One neat solution is to view all incoming request from users across many cities as a non-stopping stream, and use Apache Kafka as a message broker to redirect all requests to Kafka, then let the Spark Streaming handle anything that is piped from Kafka into Spark streaming in a fault-tolerant and scalable manner. The advantages are:
- The streaming is fault-tolerant to any sudden uncertainties
- Allows different types of messages being piped to piper
- Easy to handle
We thus simulate the real-time handling of a large amount of users’ recommendation requests locally (Python source code), as shown in the figure below. On the left side of the terminal window, we run the Spark job to handle the requests in Spark Streaming at a frequency of 1.5 seconds. Note the text message showing the time stamp, such as “Time: 2016-09-25 14:37:22.500000“. The Yelper logo is shown before each of the recommended results.
On the right side of the terminal, we run a python script to generate users’ recommendation requests at a random time interval. Those requests were piped into Apache Kafka such that Spark Streaming can consume those requests.
(Click image above to see animated simulation)
4. Insights from user-business networks
We build static user-business network graph using a Python library called graph-tool (Python code) (sample network images). Now we show briefly what it looks like for the city-wise user-business network. Again, if a user rated a business, there will be an edge connecting the user node and the business node in the network.
In terms of visualization those edges, there is a dilemma.
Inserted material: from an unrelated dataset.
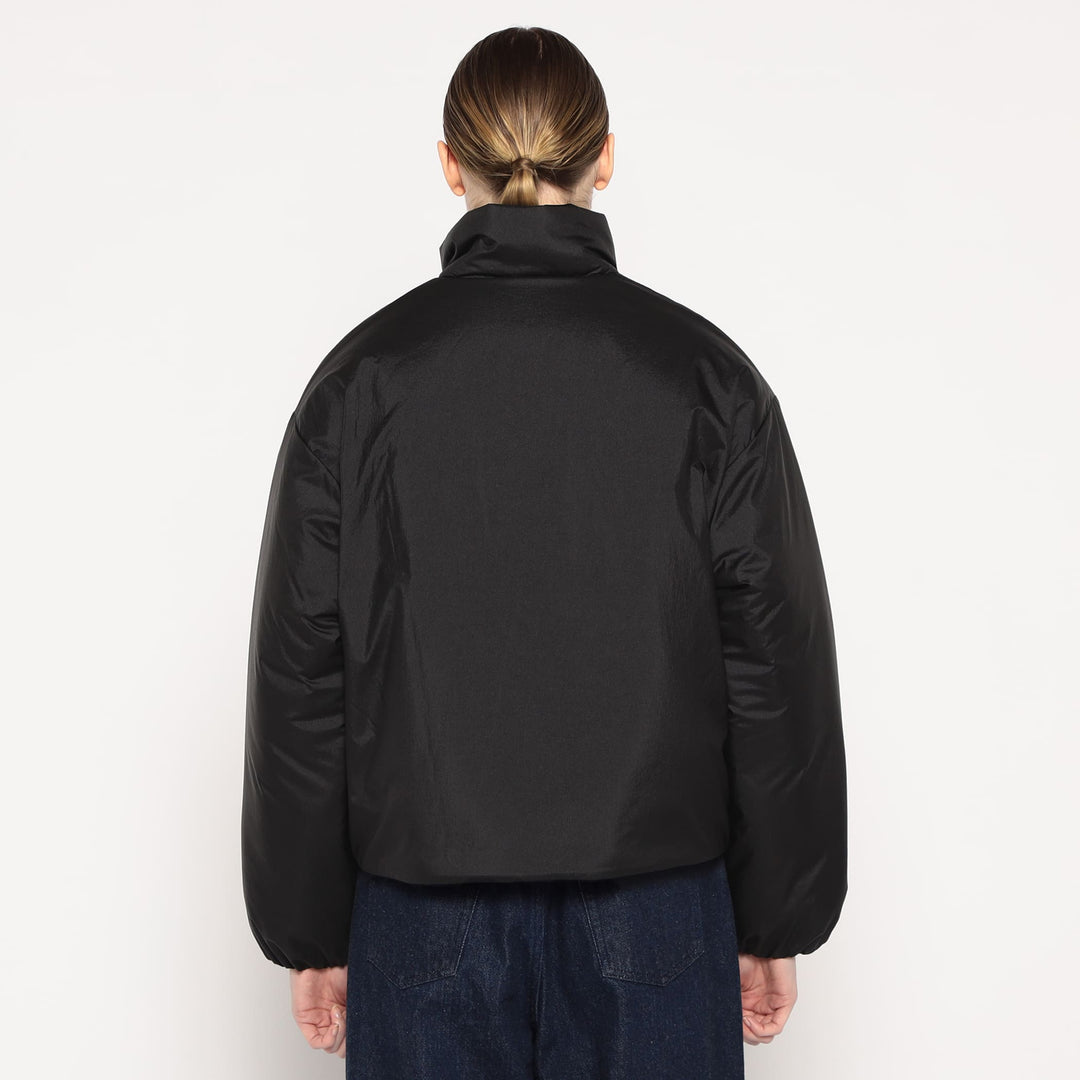 WOMEN'S INSULATION STAND COLLAR JACKET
The more nodes and edges that are included in the graph, the more precise the graph will be, but the visualization will become a mess, since it is nearly impossible for many graph layout algorithms to elegantly visualize clearly the graph details when the edge number is above, say, 0.1 million. For this reason, we adopted two simple strategies: out of all the edges in a city, we either randomly selected 1% (or 2%) of all the edges, or sequentially selected the first 1% (or 2%) of all edges.
It is interesting to mention that, even if we randomly select only 2% of the entire edges, the generated networks still have the power to reveal many insights about a city if we dig deeper. Let us now briefly go over three cities in the US: Charlotte, Las Vegas, and Pittsburgh.
4.1 Charlotte, US
We randomly selected 3312 edges, which is only 1% of the total edges in this city.
4.2 Las Vegas, US
We randomly selected 11547 edges, which is only 1% of the total edges in this city.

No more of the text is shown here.